A government shutdown could happen on Oct. 1 if Congress and the White House cannot come to an agreement on a stopgap spending bill.
House Speaker Nancy Pelosi dismissed the idea of shutting down the government to try and stop a GOP vote on a high court nominee. “None of us has any interest in shutting down government, that has such a harmful and shameful impact on so many people in our country,” the California Democrat said Sunday on ABC’s This Week.
Instead, Pelosi said Democrats have a host other options to try and delay the vote. “We have our options. We have arrows in our quiver that I’m not about to discuss right now,” she said in response to a question about whether Democrats might try another round of impeachment to stall or stop a nomination. Pelosi also encouraged people to go out and vote.
Within hours after news breaking that Ginsburg died at the age of 87 on Friday, Senate Majority Leader Mitch McConnell said he would set up a floor vote if Trump went ahead with a third Supreme Court pick. Trump, who said on Saturday he expects to announce his nominee for the Supreme Court “next week” and will be picking a woman, already has two picks, Neil Gorsuch and Brett Kavanaugh, who have been confirmed to the high court.
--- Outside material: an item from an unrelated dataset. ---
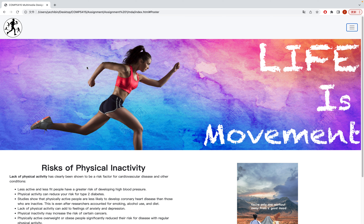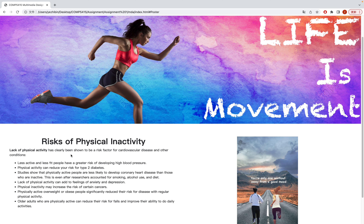This is my initial website. The logo is at the top left corner, the navigation bar is at the top right corner, and the banner is at the bottom. Under the banner are the tags that are relevant to the exercise, and on the right hand side is the poster.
So far, two Republicans, Sens. Susan Collins of Maine and Lisa Murkowski of Alaska, said the upper chamber should wait until at least the November election to vote on filling the vacancy on the Supreme Court.
Another way Moore suggested people put pressure on Republicans is to protest daily and write letters to lawmakers on both sides of the aisle opposing efforts to move ahead with a Senate vote.
“We need to be out in the streets. We need to be in front of the local offices in your states, where the U.S. senators have their local offices. We need protests out there every single day,” Moore said. “People need to get on social media, they need to call the Senate switchboard. … You need to call your senators, you need to call these five to seven Republicans who may end up performing a profile in courage, and doing the right thing and encourage them to do that. We also need to contact our own people, Nancy Pelosi and Chuck Schumer.”